GBS: Some Highlights of Dan Clancy’s Declaration


From the declaration of Daniel Clancy in support of the motion for approval:

Paragraph 5:

To date, Google has Digitized over twelve million books, and intends to continue Digitizing books in the future.

Paragraph 6:

To date, Library-Registry Agreements have been signed by the University of Wisconsin, Stanford University, and the University of Virginia.

Paragraph 8:

It would be technologically burdensome to implement the exclusion of Inserts on a piecemeal basis, rather than from all Display Uses, because it would require the maintenance and tracking of numerous versions of a given Book, one for each Display Use, each containing only those Inserts which may be used in that Display Use. Such piecemeal exclusion would also be frustrating to users.

Paragraphs 9–11:

Google has received metadata from 48 libraries.

Google pays approximately $2.5 million per year to license metadata from 21 commercial databases of information about books.

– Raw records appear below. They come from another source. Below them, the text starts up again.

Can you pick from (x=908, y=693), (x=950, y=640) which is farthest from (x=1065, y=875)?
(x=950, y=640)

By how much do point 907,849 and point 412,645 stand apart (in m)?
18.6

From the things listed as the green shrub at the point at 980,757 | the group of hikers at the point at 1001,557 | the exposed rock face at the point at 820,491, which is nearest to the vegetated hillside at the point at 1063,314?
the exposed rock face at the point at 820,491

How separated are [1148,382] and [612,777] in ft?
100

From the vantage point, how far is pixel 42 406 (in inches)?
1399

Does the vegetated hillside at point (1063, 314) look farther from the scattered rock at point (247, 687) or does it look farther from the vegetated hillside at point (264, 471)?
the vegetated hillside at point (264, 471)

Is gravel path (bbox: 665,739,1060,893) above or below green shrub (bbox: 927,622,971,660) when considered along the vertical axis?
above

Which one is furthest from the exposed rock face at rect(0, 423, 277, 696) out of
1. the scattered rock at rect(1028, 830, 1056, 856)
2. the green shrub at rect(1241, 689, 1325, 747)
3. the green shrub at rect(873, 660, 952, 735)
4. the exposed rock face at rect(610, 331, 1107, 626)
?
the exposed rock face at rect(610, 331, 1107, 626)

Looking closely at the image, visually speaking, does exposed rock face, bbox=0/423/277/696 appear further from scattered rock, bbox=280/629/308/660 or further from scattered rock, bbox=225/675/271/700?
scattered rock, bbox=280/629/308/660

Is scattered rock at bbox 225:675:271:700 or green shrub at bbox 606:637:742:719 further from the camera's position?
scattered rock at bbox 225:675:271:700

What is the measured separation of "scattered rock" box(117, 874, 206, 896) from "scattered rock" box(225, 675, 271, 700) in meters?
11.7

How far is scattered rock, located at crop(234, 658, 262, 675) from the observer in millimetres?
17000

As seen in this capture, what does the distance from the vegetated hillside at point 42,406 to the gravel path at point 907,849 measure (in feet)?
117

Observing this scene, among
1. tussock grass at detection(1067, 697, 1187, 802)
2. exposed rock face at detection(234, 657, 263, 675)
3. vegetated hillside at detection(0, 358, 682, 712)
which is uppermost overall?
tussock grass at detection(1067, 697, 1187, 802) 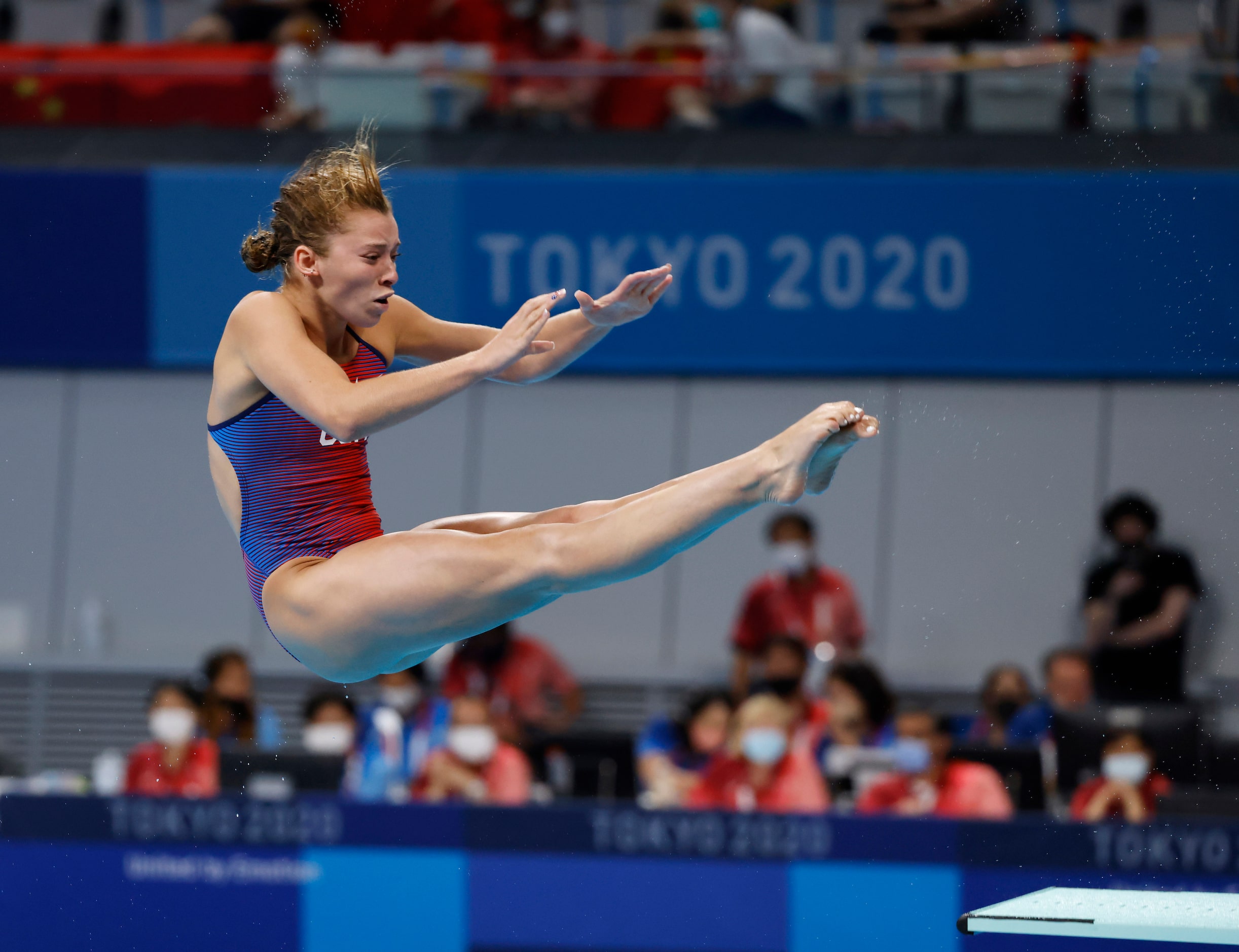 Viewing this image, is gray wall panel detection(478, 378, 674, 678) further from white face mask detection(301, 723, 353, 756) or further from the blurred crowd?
white face mask detection(301, 723, 353, 756)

Google has gathered 3.27 billion records about Books, and analyzed them to identify more than 174 million unique works.

Paragraph 22:

Because of the unstructured nature of most data available on the web, it would have been infeasible to attempt to use the Google search engine to generate a list of class members to whom notice was to be sent, and such an attempt would be error-prone. Similarly, because of “optical character recognition” errors and the unstructured nature of the data, it would have been infeasible and error-prone to attempt to derive class member contact information from Google’s scans of individual books.

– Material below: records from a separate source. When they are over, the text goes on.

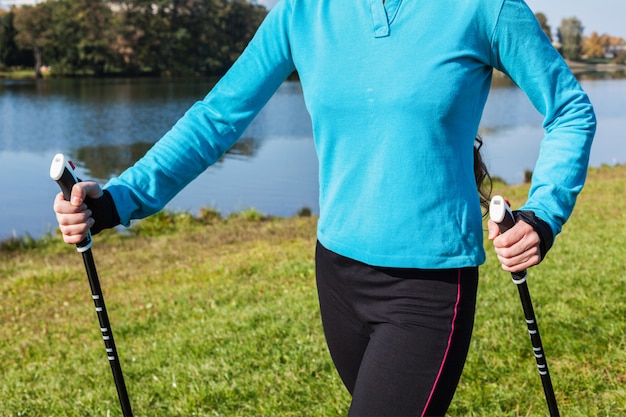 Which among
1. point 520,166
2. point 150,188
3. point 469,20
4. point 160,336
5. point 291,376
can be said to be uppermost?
point 469,20

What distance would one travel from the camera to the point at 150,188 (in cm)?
244

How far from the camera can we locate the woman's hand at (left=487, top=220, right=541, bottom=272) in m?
2.03

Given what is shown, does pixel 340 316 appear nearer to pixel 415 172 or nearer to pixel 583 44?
pixel 415 172

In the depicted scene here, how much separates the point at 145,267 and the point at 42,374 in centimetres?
515

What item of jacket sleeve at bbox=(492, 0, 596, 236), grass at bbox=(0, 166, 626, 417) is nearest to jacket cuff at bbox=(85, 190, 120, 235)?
jacket sleeve at bbox=(492, 0, 596, 236)

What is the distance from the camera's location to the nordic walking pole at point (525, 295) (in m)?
1.98

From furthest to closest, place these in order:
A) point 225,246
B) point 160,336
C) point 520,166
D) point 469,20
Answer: point 520,166 < point 225,246 < point 160,336 < point 469,20

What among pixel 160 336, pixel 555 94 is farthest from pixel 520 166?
pixel 555 94

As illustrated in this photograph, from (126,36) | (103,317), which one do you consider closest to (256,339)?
(103,317)

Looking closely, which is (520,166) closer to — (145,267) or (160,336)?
(145,267)

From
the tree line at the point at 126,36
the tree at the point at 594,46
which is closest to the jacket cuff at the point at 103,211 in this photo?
the tree line at the point at 126,36

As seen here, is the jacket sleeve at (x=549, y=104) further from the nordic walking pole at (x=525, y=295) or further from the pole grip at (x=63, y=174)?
the pole grip at (x=63, y=174)

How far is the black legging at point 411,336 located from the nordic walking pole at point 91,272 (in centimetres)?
84

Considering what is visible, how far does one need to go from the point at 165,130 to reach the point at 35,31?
170ft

I wonder why he only mentioned the original representative plaintiffs. Didn’t anyone tell him some more were added in the third complaint?

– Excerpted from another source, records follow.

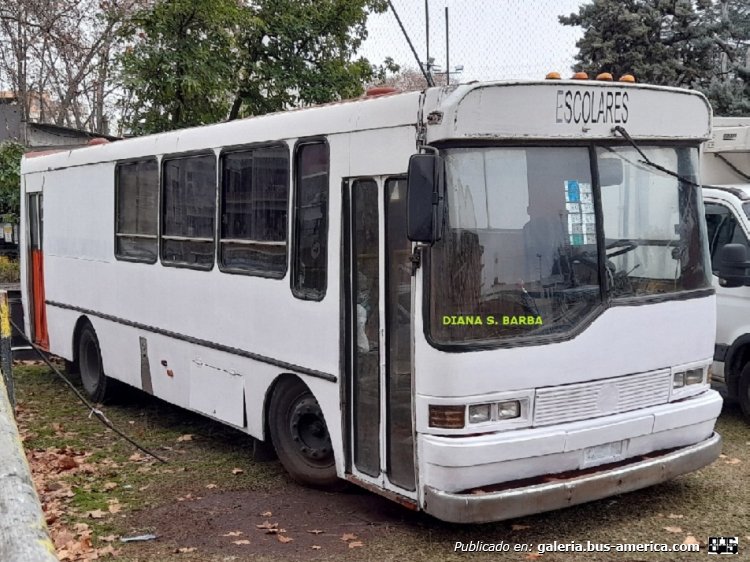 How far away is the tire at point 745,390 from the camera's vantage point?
8672mm

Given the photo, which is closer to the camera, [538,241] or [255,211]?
[538,241]

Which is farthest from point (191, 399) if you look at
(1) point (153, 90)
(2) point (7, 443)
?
(1) point (153, 90)

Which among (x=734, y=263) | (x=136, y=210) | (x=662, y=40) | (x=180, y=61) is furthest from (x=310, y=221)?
(x=662, y=40)

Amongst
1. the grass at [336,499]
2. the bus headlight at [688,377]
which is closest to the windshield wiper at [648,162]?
the bus headlight at [688,377]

I’m delighted to know that Google “have developed algorithms to compare these numerous sources of metadata and identify the most accurate data about each book”. (paragraph 12). I’ll be even happier when they’ve made them work properly so there aren’t any more duplicate entries, books without ISBNs, books incorrectly classified as Not Commercially Available and various editions of the same book not linked together.


Diana,

Correcting the database would take human intervention, and Google is doing its best to do everything automatically. Also as fast as possible. I don’t really expect any improvement.


Oh yes, the metadata. From what I’ve seen I guess it consists largely of:

Cataloging-in-publication data, which the publisher either has done free by the Library of Congress or pays a cataloger for

Data from used booksellers—what I’ve seen for my books is almost all drawn from my own press releases and back cover copy, often with cuts but seldom with rewriting

Possibly Books in Print and/or book wholesaler data, also supplied by the publisher

I’d really question whether much of this metadata was created or paid for by the companies selling it.

There’s also some from who-knows-where. For example, I dedicated my most recently published book to my parents, and mentioned them in the acknowledgements. Somehow, their names were entered as the authors in some library metadata I’ve seen on WorldCat. I do not know who created the ur-mistake and have no means of correcting it.